Session: Data-driven Methods for Optimization under Uncertainty
Chair: Meng Qi
Cluster: Optimization Under Uncertainty and Data-driven Optimization
Talk 1: Beyond Discretization: Learning the Optimal Solution Map
Speaker: Paul Grigas
Abstract: Many applications require minimizing a family of optimization problems, indexed by some hyperparameter vector, to obtain an entire solution map (or solution path). Traditional approaches proceed by discretizing and solving a series of optimization problems. We propose an alternative approach that parametrizes the solution map within a given function class and solves a single stochastic optimization problem to learn the entire solution map. Our method offers substantial complexity improvements over discretization. When using constant-step size SGD, the uniform error of our learned solution map relative to the true map exhibits linear convergence to a constant that diminishes as the expressiveness of the function class increases. In the case of a one-dimensional hyperparameter, we prove stronger results that demonstrate complexity improvements over the best known results for uniform discretization whenever the solution map is sufficiently smooth. Finally, we discuss other extensions including an adaptive variant of our method that sequentially adds basis functions, and we demonstrate strong numerical performance through experiments on imbalanced binary classification and portfolio optimization examples.
Talk 2: Decision-Focused Learning with Directional Gradients
Speaker: Michael Huang
Abstract: We propose a novel family of decision-aware surrogate losses, called Perturbation Gradient (PG) losses, for the predict-then-optimize framework. The key idea is to connect the expected downstream decision loss with the directional derivative of a particular plug-in objective, and then approximate this derivative using zeroth order gradient techniques. Unlike the original decision loss which is typically piecewise constant and discontinuous, our new PG losses is a Lipschitz continuous, difference of concave functions that can be optimized using off-the-shelf gradient-based methods. Most importantly, unlike existing surrogate losses, the approximation error of our PG losses vanishes as the number of samples grows. Hence, optimizing our surrogate loss yields a best-in-class policy asymptotically, even in misspecified settings. This is the first such result in misspecified settings, and we provide numerical evidence confirming our PG losses substantively outperform existing proposals when the underlying model is misspecified.
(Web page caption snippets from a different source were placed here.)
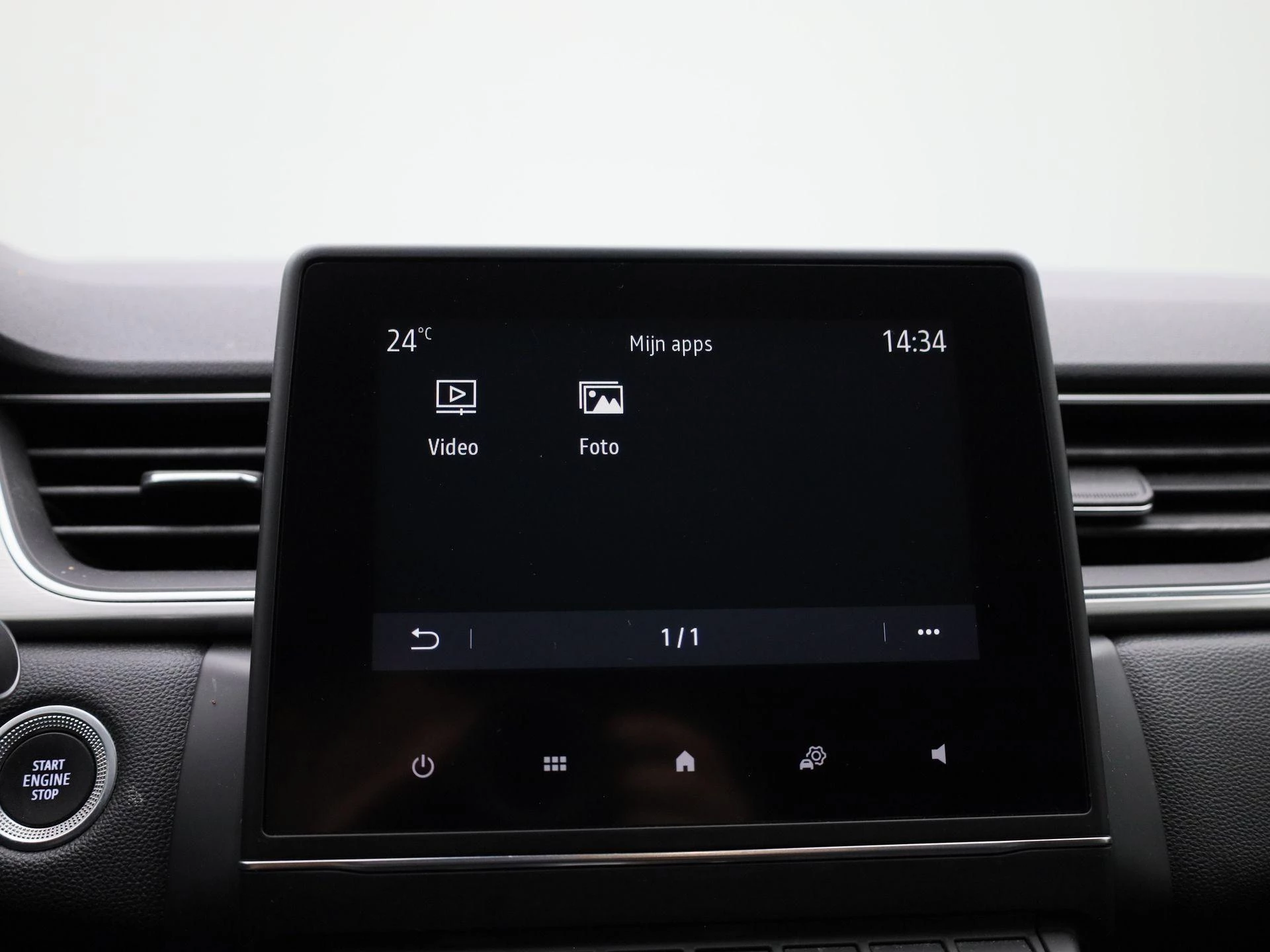 Renault-Captur-image-26
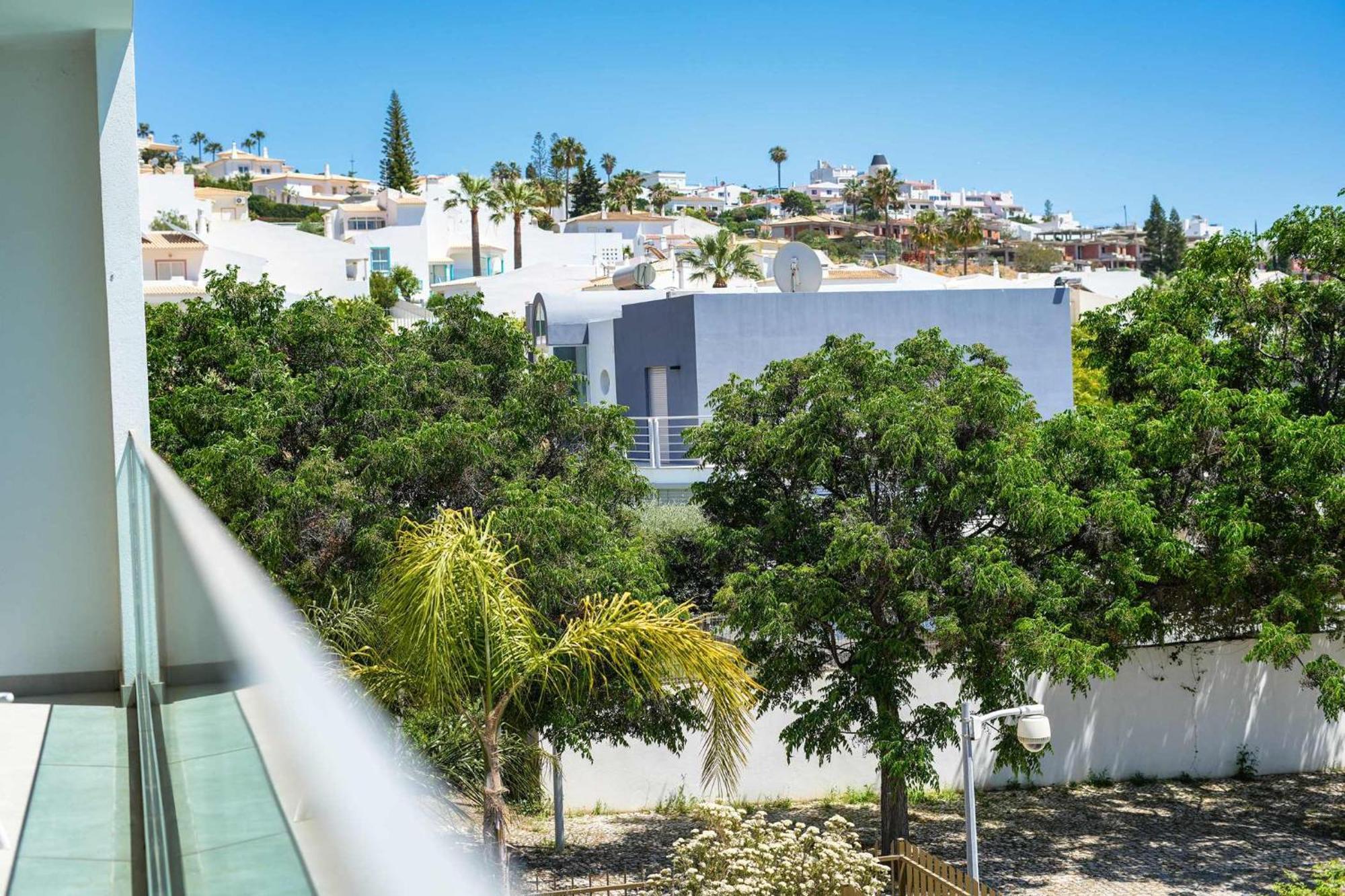 Villa Orada 25 House - Luxurious & Games & Privat Pool & Gym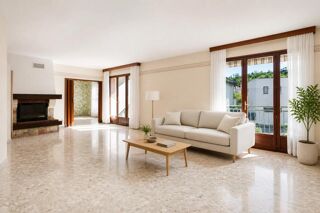 Maison à vendre 8 pièces 150 m²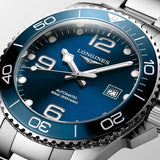 Watch Longines HydroConquest L3.782.4.96.6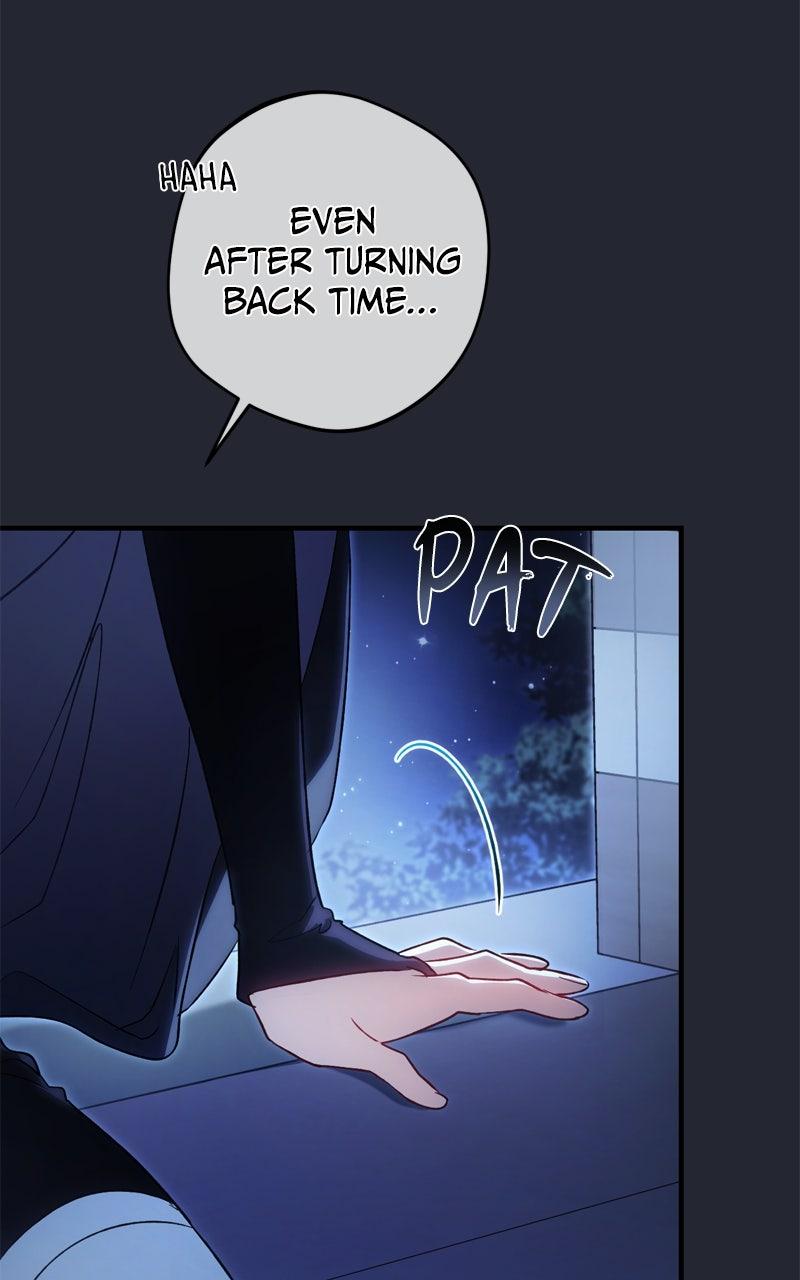 The Villainous Tyrant Has Returned Chap 45 - Next Chap 46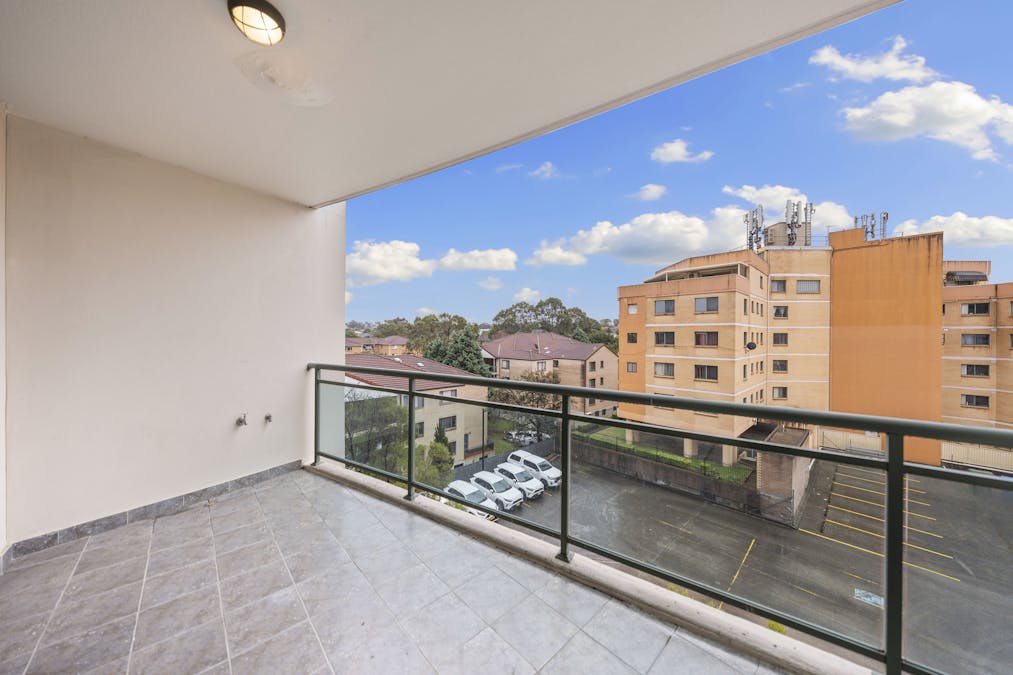 505/16 Meredith Street, Bankstown, NSW, 2200 - Image 9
Talk 3: Norm-Free Exact Regularization and Applications in Data-Driven Optimization
Speaker: Meng Qi
Abstract: This paper revisits the theory of \textit{exact regularization} – where optimal solutions of a regularized convex optimization problem exhibit a phase transition phenomenon and eventually coincide with those of the original unregularized problem (under certain conditions).We examine this phenomenon from a norm-free perspective – instead of adopting norm-related assumptions, our results are established on conditions only involving Bregman divergence and convexity. We proved two key results: (1) a norm-free version of Lipschitz continuity of the regularized optimal solution, and (2) a phase-transition threshold for the exact regularization to hold that depends solely on intrinsic problem parameters. Notably, our norm-free framework generalizes classical norm-dependent conditions, such as strong convexity of the regularization function, and broadens applicability. Our theoretical results have applications in many data-driven optimization problems, for example to integrated prediction-optimization, inverse optimization, and decentralized optimization. Our results for exact regularization potentially lead to faster convergence or tighter error bounds in these settings.